→ **WORK INSTRUCTION**: Output the data word for word, dropping every image.

→ **INFORMATION SUPPLIED**:
--------------------------------

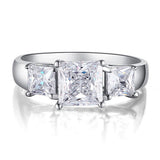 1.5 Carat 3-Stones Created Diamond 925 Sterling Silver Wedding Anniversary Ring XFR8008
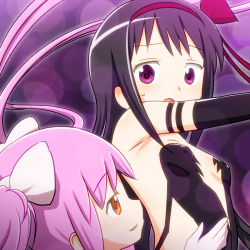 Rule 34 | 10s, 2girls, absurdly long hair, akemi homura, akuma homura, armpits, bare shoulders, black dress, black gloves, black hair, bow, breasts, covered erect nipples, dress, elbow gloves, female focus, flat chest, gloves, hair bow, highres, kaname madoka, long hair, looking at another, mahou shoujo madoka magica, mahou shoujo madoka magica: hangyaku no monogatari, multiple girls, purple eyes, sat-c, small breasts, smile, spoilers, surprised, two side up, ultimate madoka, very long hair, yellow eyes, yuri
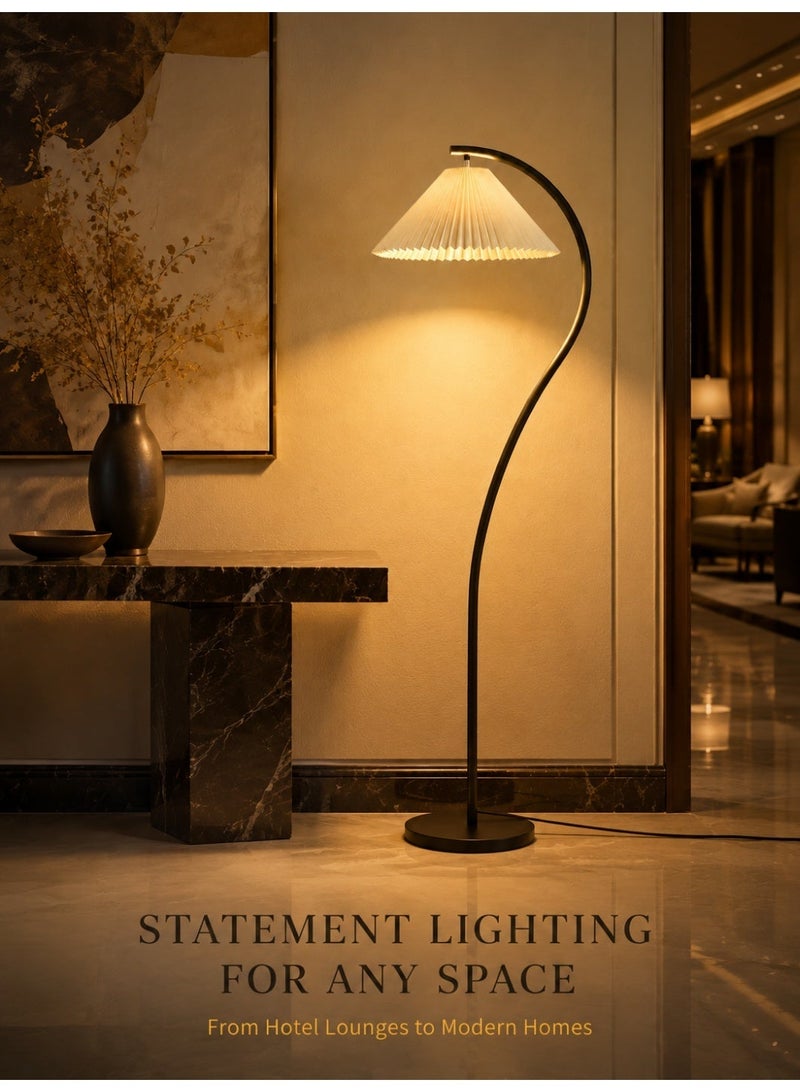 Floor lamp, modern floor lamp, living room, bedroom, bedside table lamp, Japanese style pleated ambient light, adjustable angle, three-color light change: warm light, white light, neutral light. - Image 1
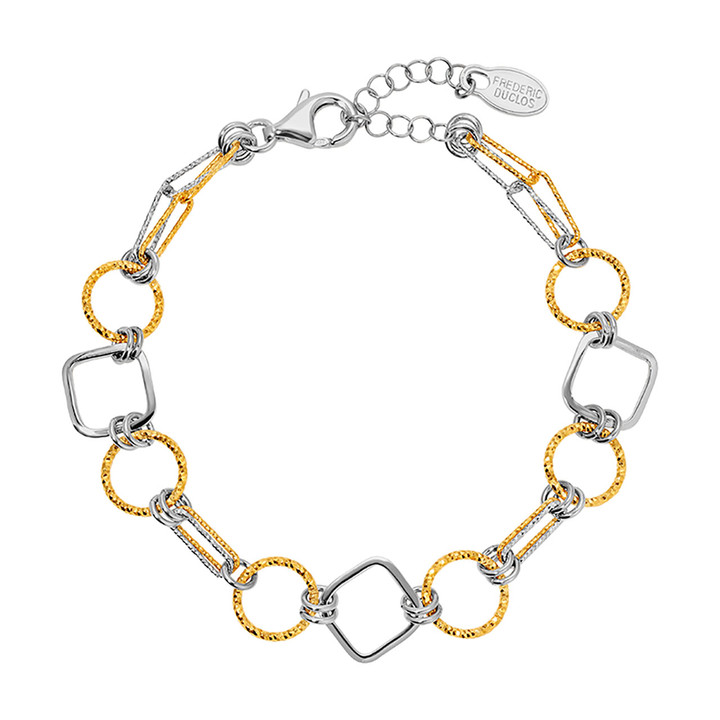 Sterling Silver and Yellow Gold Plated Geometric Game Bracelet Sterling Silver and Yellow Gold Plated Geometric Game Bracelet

--------------------------------

→ **FINISHED EXERCISE**:
 1.5 Carat 3-Stones Created Diamond 925 Sterling Silver Wedding Anniversary Ring XFR8008
 Rule 34 | 10s, 2girls, absurdly long hair, akemi homura, akuma homura, armpits, bare shoulders, black dress, black gloves, black hair, bow, breasts, covered erect nipples, dress, elbow gloves, female focus, flat chest, gloves, hair bow, highres, kaname madoka, long hair, looking at another, mahou shoujo madoka magica, mahou shoujo madoka magica: hangyaku no monogatari, multiple girls, purple eyes, sat-c, small breasts, smile, spoilers, surprised, two side up, ultimate madoka, very long hair, yellow eyes, yuri
 Floor lamp, modern floor lamp, living room, bedroom, bedside table lamp, Japanese style pleated ambient light, adjustable angle, three-color light change: warm light, white light, neutral light. - Image 1
 Sterling Silver and Yellow Gold Plated Geometric Game Bracelet Sterling Silver and Yellow Gold Plated Geometric Game Bracelet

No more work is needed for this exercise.